# Code P0688 ECM Power Relay Load Circuit: (J271): Open Circuit



## 02' 18T (Jan 15, 2005)

I have been searching around on here and can't find a whole lot about this particular code. I have replaced the ignition switch and my issue is still persisting. 
Details:
02' GTI 18T 
APR 91
EPC light came on a week or so ago 
Code: 17072/P0688/001672 - ECM Power Relay Load Circuit: (J271): Open Circuit 
This has been an ongoing issue back in December it started when i was slowing to a stop and all the electronics shut off radio, dash lights, headlights all lights. But the motor stayed running, after about a second of me freaking out everything came back on and I was on my way. 
Well now it's to the point that when im slowing to a stop the car has died fully electronics and the engine, but when you try to start it it won't start. The lights on the dash won't come on and it won't crank, so after fiddling w/ the keys turning in to start nothing take the keys out try again, i do this several times untill it wants to work w/ me.. Now meanwhile all this is going on the clock and the odometer dim and when in the start postion they disapear completly, when i pull the key out of the ignition the clock and the odo. flash dim, to normal you can also hear a clicking noise coming from the dash near the fuse box. 
I have had a shop look at it they said everything looked fine and suggested that it was most likely the ignition switch, so i got a new one from the dealer changed the part today and just as i finish the replacement WHAM, starts the same issue so it's not the ignition switch. Brake lights work just fine.... and w/ the clicking it sounds like the relay up there is making the noise but that sounds/seems like it's fine just almost a voltage issue proly too little. The shop is kinda out of suggestions there suggestion was to check the APR SW, or the battery terminals.
Sorry for the long post, i just didn't see any that really pertained to my issue so trying to give as much info as possiable. 

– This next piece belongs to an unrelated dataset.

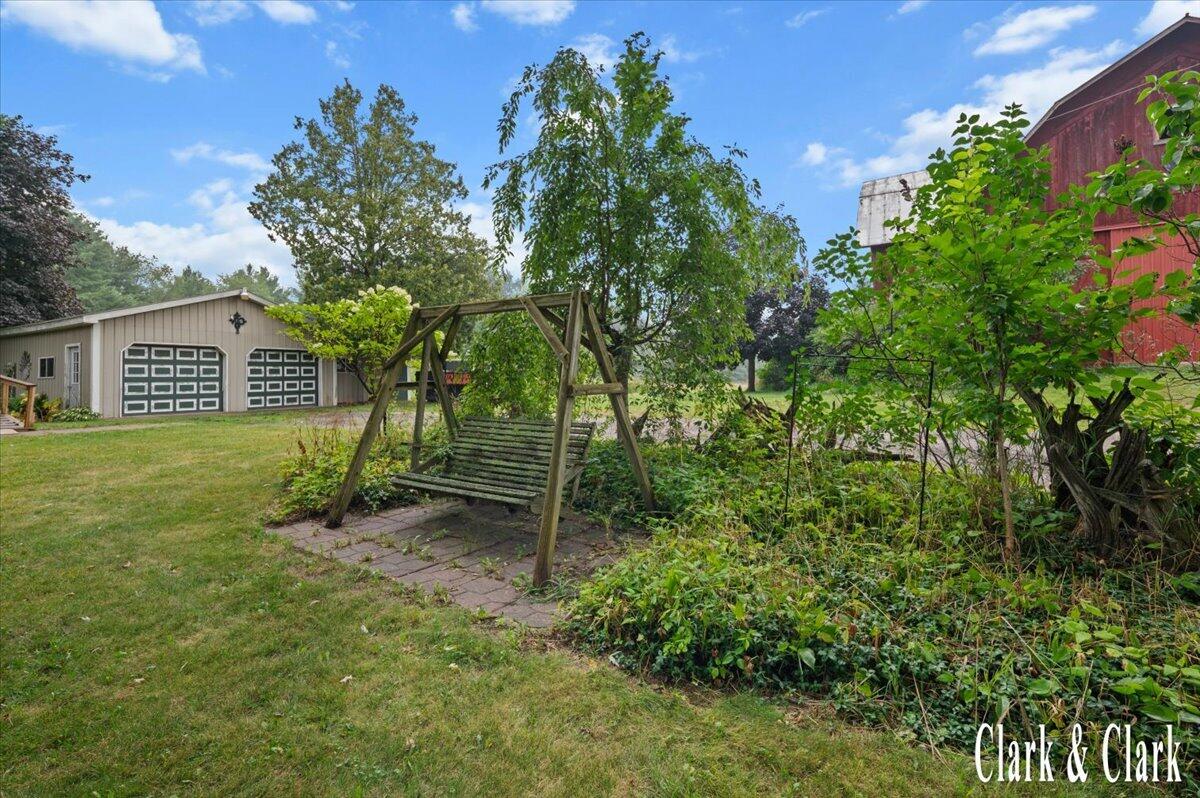 8727 North Amble Road Howard City, MI 49329 - Photo 20 of 37 40-Exterior 06a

Here is the Wiki-ross http://wiki.ross-tech.com/inde...01672 
Any input will be much appreaciated thanks ahead of time.


----------



## Uwe (Jan 16, 2000)

*Re: Code P0688 ECM Power Relay Load Circuit: (J271): Open Circuit (02' 18T)*

The link you posted doesn't seem to work. This one should:
http://wiki.ross-tech.com/inde...01672
Nothing there points at the ignition switch. Personally, I'd try a new J271 relay. If that doesn't fix it, check ECU and wiring.
-Uwe-


----------



## eb (Mar 24, 2006)

this problem is usually caused by corroded battery and earth cables or a loose connection in engine bay around the vacinity of the battery. there is also a wiring junction under dash next to steering collumn where alot of main supply cables bolt on.check for loose connection.


----------



## 02' 18T (Jan 15, 2005)

*Re: (eb)*

Great suggestions thanks i will swap out the relay and clean the terminals when i was swapping out the ignition i was looking and made sure all the connections uder that half were ok. I will keep you all posted, i generally steam clean my engine bay, w/ degreaser so the terminals are pretty clean all ready, what would you all suggest i should use to clean the terminals that may increase the contunity of the connection. Coke-Cola.. lol, WD-40, Brake Claener, soap and water. The battery is about 3 yrs. old how often do you all change your battery?
I pray at night that it isn't a faulty ECU...










_Modified by 02' 18T at 8:23 PM 5-19-2007_


----------



## 95GrannyGolf (Mar 30, 2007)

*Re: (02' 18T)*


_Quote, originally posted by *02’ 18T* »_ i generally steam clean my engine bay, w/ degreaser so the terminals are pretty clean all ready, what would you all suggest i should use to clean the terminals that may increase the contunity of the connection. 
_Modified by 02' 18T at 8:23 PM 5-19-2007_

It's not the connector exterior that causes issues, it's a buildup of corrosion between the connector and its mating surfaces on the interior. Corrosion doesn't conduct electricity well.
Best for push-on connectors is repeated mating and removing with electrical contact cleaner available at an electronics repair place, with possibly some tightening up of the mechanical connection by gently bending the bits that grab terminals. 
For bolt-down connections, nothing beats wire brush, anywhere from 80 to 150 grit wetordry (emory), sometimes even a small file. When you can clean both (top & bottom) surfaces of a ring connector, plus all flat surfaces around the bolt/stud, plus the stud threads, that's ideal. (Access may limit what you can do, of course).
On my GolfIII::
On both ground and power sides, I found significant corrosion on the TCU and ECU connectors, corrosion between the ECU, its carrier, and the plenum where it mounts, bad corrosion on the engine grounds, bad corrosion on the ground strap from coil to head... though you won't have the latter.


_Modified by 95GrannyGolf at 6:47 AM 5-20-2007_


----------